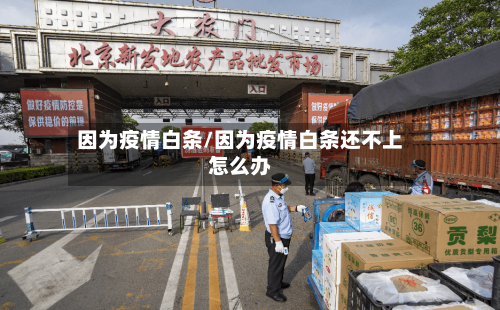 因为疫情白条/因为疫情白条还不上怎么办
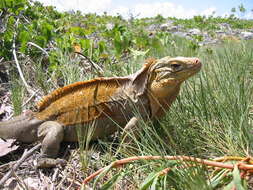 Image of Cyclura rileyi rileyi Stejneger 1903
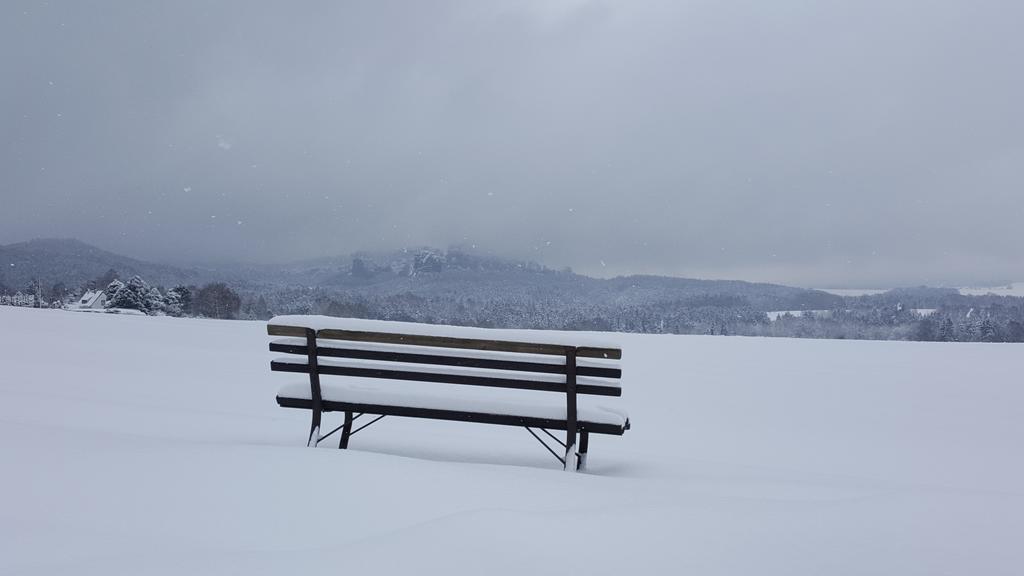 Pension Goldstueck Bad Schandau Esterno foto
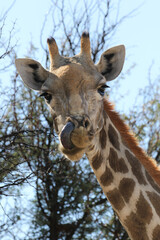 Giraffe with tongue in nostril, Kalahari (Kgalagadi)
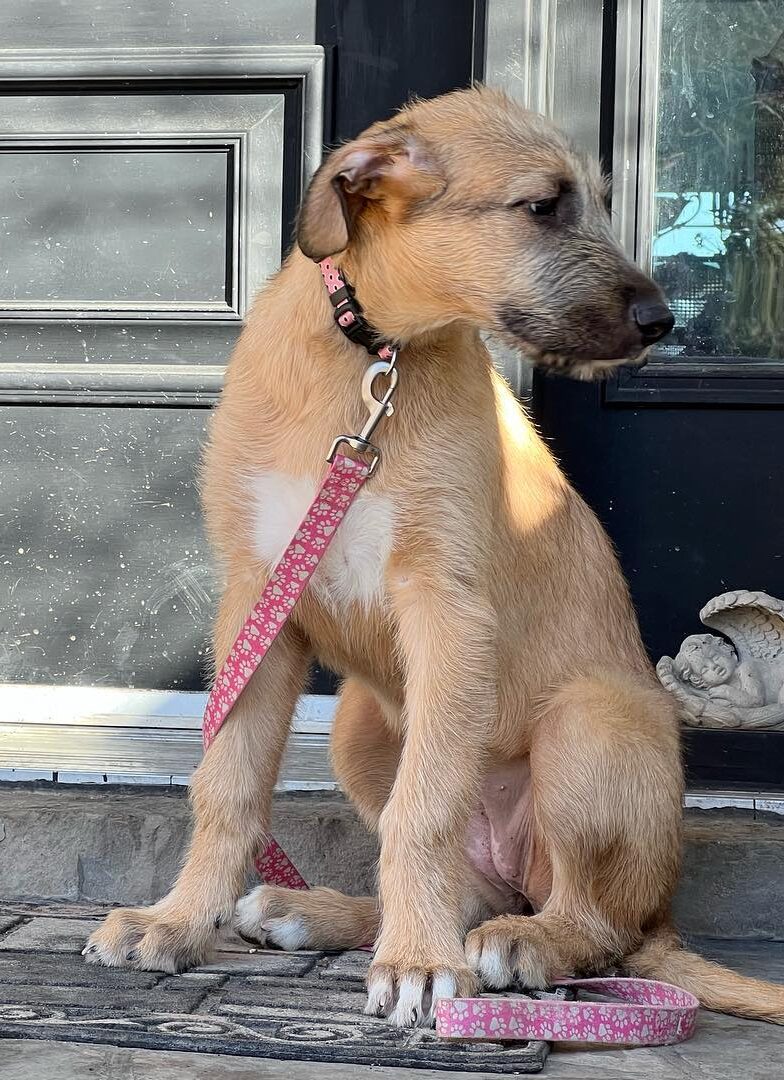 Female Irish Wolfhound Puppy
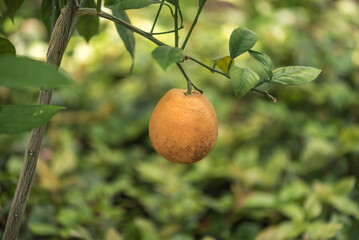 A closed-up picture of a fruit in the garden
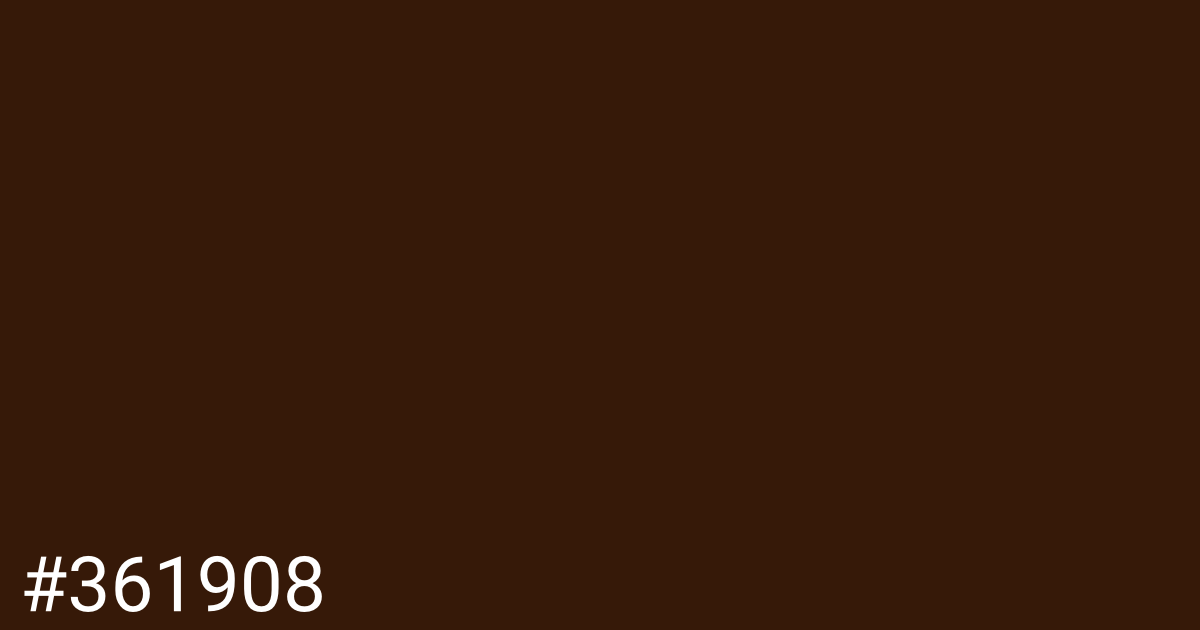 Hex color #361908 graphic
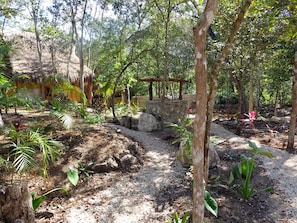 Exterior - Casa Mango (Macario Gomez)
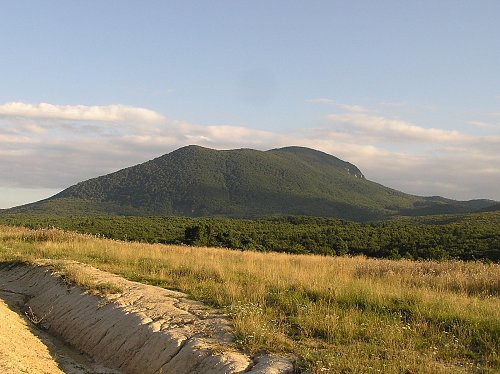 Măgura Codlei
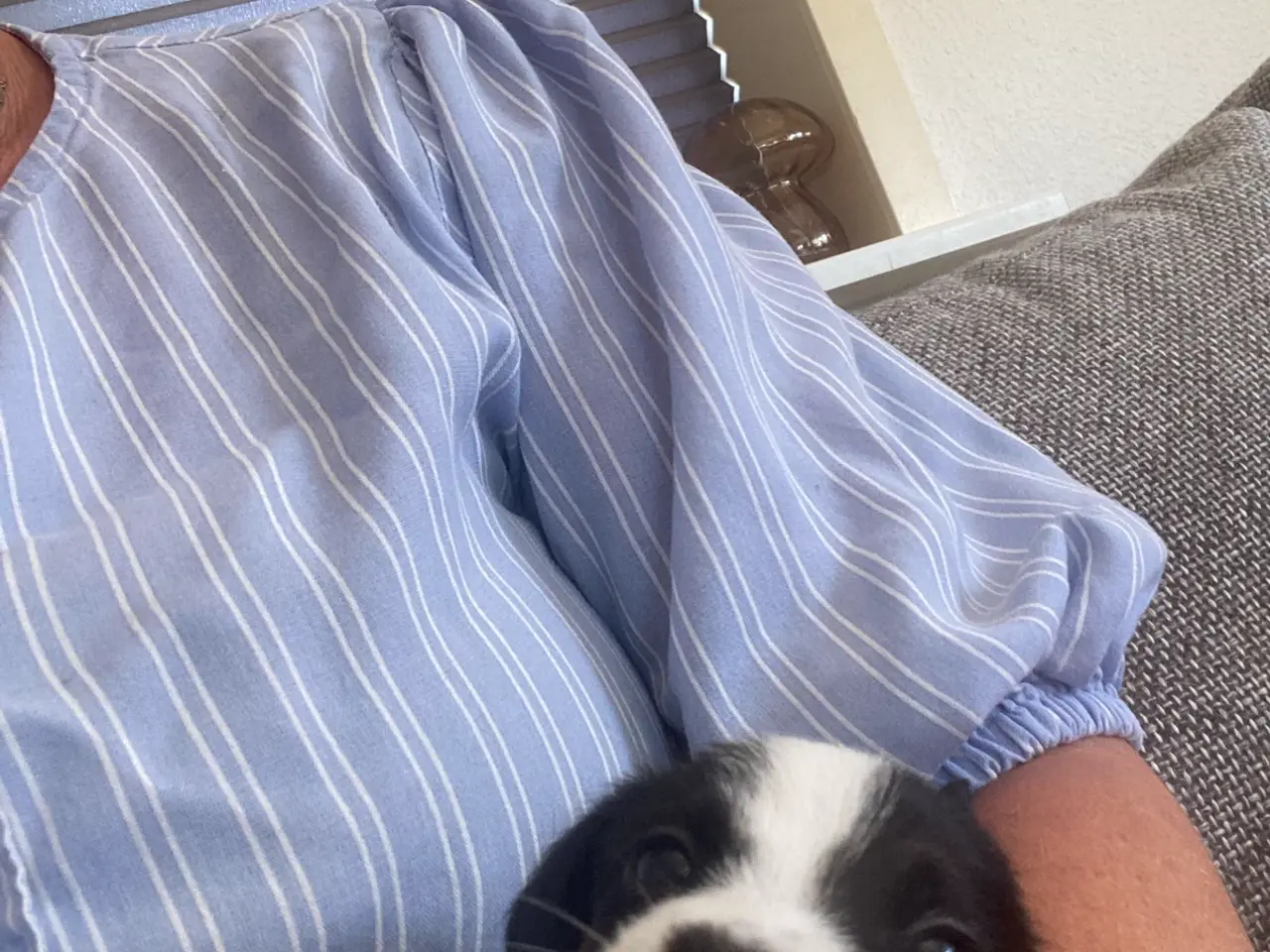 Billede 3 - Jack russel terrier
========================================================================
Task requirements.
What you return must match the entries above exactly, apart from the pictures, which are left out.

Output for this task.
 因为疫情白条/因为疫情白条还不上怎么办
 Image of Cyclura rileyi rileyi Stejneger 1903
 Pension Goldstueck Bad Schandau Esterno foto
 Giraffe with tongue in nostril, Kalahari (Kgalagadi)
 Female Irish Wolfhound Puppy
 A closed-up picture of a fruit in the garden
 Hex color #361908 graphic
 Exterior - Casa Mango (Macario Gomez)
 Măgura Codlei
 Billede 3 - Jack russel terrier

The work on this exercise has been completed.